If you have more clusters on your hard drive, the slower the performance. This is true for any file system, FAT16, FAT32, NTFS, and HPFS. However, since FAT32 allows for many more clusters on a single partition than FAT16, the effect may be noticeable. Disk utilities are especially affected as there are more clusters in the partition. For instance, the closer to 8GB your partition gets, the more 4K clusters, and the slower the performance.
FAT32 uses the disk cache (Vcache) more efficiently by allowing the memory manager to map directly into memory portions of an application that is in the disk cache. This process eliminates an additional memory copy of the mapped portions of the application. This feature is only available on FAT32 volumes.
FAT32 allows the memory manager to write pageable data very efficiently to the swap file while a system is idle. This feature is only available on FAT32 volumes and volumes with cluster sizes greater than 4K.
Because of the compatibility considerations described above, the implementation of FAT32 involved very little change to Windows 95. The Major differences between FAT32 and earlier implementations of FAT are as follows:
Two new partition types are defined: OxB and OxC. Both indicate FAT32 volumes; type OxC indicates a FAT32 partition that requires extended INTI3 support (LBA).
The boot record on FAT32 drives requires 2 sectors (due to expansion and addition of fields within the BPB). As a result, the number of reserved sectors on FAT32 drives is higher than on FAT16, typically 32. This expanded reserved area allows two complete copies of the boot record to be stored there, as well as a sector in which free space count and other file system information is stored.
The FAT is now larger, because each entry now takes up 4 bytes and there are typically many more clusters than on FAT16 drives.
The root directory is no longer stored in a fixed location. A pointer to the starting cluster of the root directory is stored in the extended BPB. The on-disk format directory entries is unchanged, except that the two bytes previously reserved for Extended Attributes now contain the high order word of the starting cluster number.
Win32 APls are not affected by FAT32, with the exception of one additional API called GetFreeSpaceEx() for determining the true free space on a FAT32 volume.
Creating FAT32 Drives
In OSR2 and Windows 98, if you run the FDISK tool on a system with a drive over 512 MB, it asks whether to enable large disk support. If you answer Yes, any partition you create that is larger than 512 MB is marked as a FAT32 partition.

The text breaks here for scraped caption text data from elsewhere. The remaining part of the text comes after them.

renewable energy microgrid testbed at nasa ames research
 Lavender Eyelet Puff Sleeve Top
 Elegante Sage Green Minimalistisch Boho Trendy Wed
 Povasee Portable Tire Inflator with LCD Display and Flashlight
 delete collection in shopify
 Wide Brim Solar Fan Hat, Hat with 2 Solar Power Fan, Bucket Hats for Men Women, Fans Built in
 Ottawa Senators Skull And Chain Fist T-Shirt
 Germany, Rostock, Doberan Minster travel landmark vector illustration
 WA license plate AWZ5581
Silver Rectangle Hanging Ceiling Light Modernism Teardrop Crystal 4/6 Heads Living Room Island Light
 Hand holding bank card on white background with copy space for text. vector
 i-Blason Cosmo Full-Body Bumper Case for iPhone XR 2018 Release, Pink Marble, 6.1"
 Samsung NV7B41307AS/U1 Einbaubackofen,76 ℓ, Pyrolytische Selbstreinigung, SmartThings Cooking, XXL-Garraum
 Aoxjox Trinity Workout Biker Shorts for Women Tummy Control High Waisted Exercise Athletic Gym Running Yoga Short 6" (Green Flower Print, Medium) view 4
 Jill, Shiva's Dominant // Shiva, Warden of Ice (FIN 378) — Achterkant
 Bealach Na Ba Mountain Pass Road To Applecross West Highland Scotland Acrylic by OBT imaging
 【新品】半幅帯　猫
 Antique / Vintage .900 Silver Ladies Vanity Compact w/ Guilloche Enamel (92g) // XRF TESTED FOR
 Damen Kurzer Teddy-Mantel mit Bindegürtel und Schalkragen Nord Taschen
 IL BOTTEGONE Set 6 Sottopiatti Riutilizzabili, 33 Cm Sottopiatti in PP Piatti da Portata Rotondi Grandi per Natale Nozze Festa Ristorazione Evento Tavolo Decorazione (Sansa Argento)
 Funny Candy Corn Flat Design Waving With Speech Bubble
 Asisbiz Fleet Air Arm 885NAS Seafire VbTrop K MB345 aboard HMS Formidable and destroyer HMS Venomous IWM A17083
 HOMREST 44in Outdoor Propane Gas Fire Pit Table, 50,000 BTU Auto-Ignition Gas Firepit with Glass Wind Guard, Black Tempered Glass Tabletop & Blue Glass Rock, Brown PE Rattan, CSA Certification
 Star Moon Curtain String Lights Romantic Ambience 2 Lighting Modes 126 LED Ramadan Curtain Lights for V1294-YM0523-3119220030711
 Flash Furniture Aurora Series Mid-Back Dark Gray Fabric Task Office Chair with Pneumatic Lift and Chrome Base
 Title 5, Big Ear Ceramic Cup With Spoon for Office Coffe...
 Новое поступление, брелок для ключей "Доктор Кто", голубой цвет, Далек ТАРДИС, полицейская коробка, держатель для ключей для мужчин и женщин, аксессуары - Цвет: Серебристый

Windows 98 also includes a FAT32 conversion tool that you can use to convert an existing drive to the FAT32 file system. To use the conversion tool, follow these steps:
- Click Start, point to Programs, point to Accessories, point to System Tools, and then click Drive Converter (FAT32).
- Click Next.
- Click the drive you want to convert to the FAT32 file system, and then click Next.
- Follow the instructions on the screen.